Kinguin może nie przełamało jeszcze złej passy, ale na pewno zagrało o wiele lepiej, niż wczoraj. W końcu na ich konto wlatuje remis, a nie porażka – 1:1 przeciwko Fragstars!

Ostatnio „Pingwiny” nie radzą sobie najlepiej. Przegrywają mecz za meczem, a wczoraj dostali 0:2 od North w ramach ECS S4 Development League. Dziś w tych samych rozgrywkach podjęli drużynę Fragsters, z którą po prostu musieli powalczyć, bo chyba nikt nie wyobrażał sobie kolejnej porażki.

Team Kinguin zaczęło od dominacji na Mirage'u. Przejęli inicjatywę na starcie i jak widać tym razem Polakom udało się utrzymać odpowiednie tempo do końca pierwszej połowy. Wypracowali sobie wynik 14:1, z którego ich przeciwnicy po prostu nie mieli jak wrócić do walki o zwycięstwo. Po zmianie stron, wszystko szybko się skończyło – 16:2, a nasi rodacy cieszyli się z prowadzenia 1:0.

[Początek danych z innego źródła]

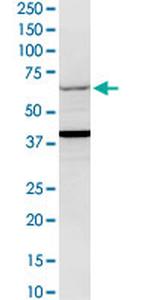 GCK Antibody in Western Blot (WB)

Później na następnej mapie, którą był Train, polski skład miał już trochę większe problemy. Co prawda część meczu numer jeden skończyła się znowu dość dobrym wynikiem, bo 10:5, to jednak druga połowa była o wiele bardziej zacięta i Fragsters w końcu postawiło jakiś opór. Do momentu obie ekipy szły łeb w łeb, ale od wyniku 11:11, Duńczycy zaczęli dyktować warunki na mapie. Skończyło się 16:11 dla nich, a więc ostatecznie mieliśmy remis 1:1 w całym pojedynku.

Kinguin nie może być zadowolone, bo prowadzili na drugiej mapie 10:5, aż nagle coś pękło i nie dali rady zatrzymać rozpędzonego Fragsters.